如果乔希瑶能老老实实地在村里干活,沈梦雪或许不会针对她,偏偏这个人牙尖嘴利,时常跟她作对,还再三勾引她喜欢的付凯旋。
沈梦雪忍无可忍,主动跟宋向荣搭话,问他是不是喜欢乔希瑶,她可以想办法让他们俩在一起。
得到肯定的答复后,沈梦雪一直在找机会,想把乔希瑶推到宋向荣的床上去。
奈何乔希瑶跟她水火不容,不会听她任何话,又时常跟大家一起走,绝不单独行动,她找了好就都没找到机会,这不看乔希瑶终于单独行动,二话不说就给宋向荣通风报信。
以宋向荣那长得人模狗样,实际人面兽心的性子,她以为乔希瑶难逃魔爪,却没料到这人没事儿一样回来了,还跟刘晓梅吵了一通。
她不由怀疑宋向荣是不是走岔道了,不然那样一个人面兽心的人,怎么可能这么轻易放过如花似玉的乔希瑶。
等到第二天一大早,她才发现自己误会了宋向荣......
大队一大早就响起了喇叭,村支书要知青和村里人都去大队部开会。
“啥事儿,这一大早就要人开会。”
“是啊,这都秋收过了,今天就拔胡麻跟大豆,这点事儿也要开会?”
大家伙儿说着闲话到了大队部,发现村支书解志、民兵连长解堰、村里其他几个干部,甚至还有从公社来的两个干部,站在大队部院子中间搭得讲台上,脸色都很严肃。

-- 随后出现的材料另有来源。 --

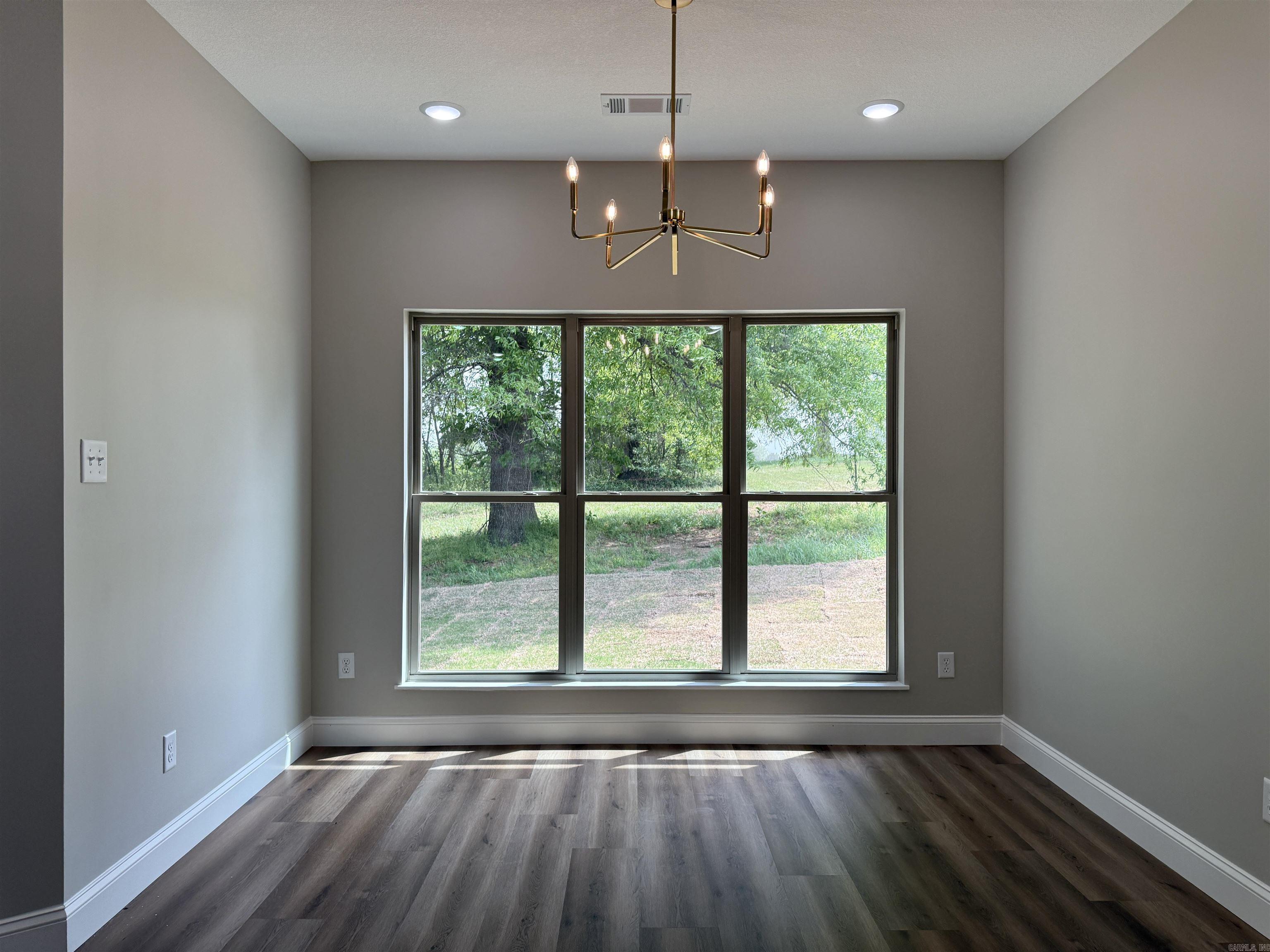 2005 N 8 1/2 Street  Paragould, AR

众人交换一眼,纷纷道:“啥事儿啊,怎么公社的干部都下来了啊。”
解志一看村里人基本都到齐了,站在讲台中间,清了清嗓子道:“同志们,静一静!静一静啊。”
大家伙安静的不彻底。
解志把手往下压了压道:“今天,要大家来开会,不是别的事儿,是昨天夜里,额们村发生了一件恶性事件,宋老大家的儿子,宋向荣,对新知青点的乔希瑶知青耍流氓,意图对乔知青实施猥亵、强、奸,幸好被路过的解连长所救,将宋向荣这驴日的王八犊子抓住,现以□□未遂、耍流氓罪,被镇上的公安同志带走审查!”
他说到这里,人群一阵哗然,纷纷看向站在大队部左侧光秃秃槐花树下的乔希瑶,交头接耳道:“真的假的?”
“那宋向荣长得斯斯文文,平时见人三分笑,还没少帮村里人干活,他能干出这种缺德事儿?”
“知人知面不知心,宋老头子就是嫖脑、二百五,平时没少干缺德事儿,不是个东西。这老得上梁不正,宋向荣这个小的,平时装得再怎么人模人样,也是个下梁歪。”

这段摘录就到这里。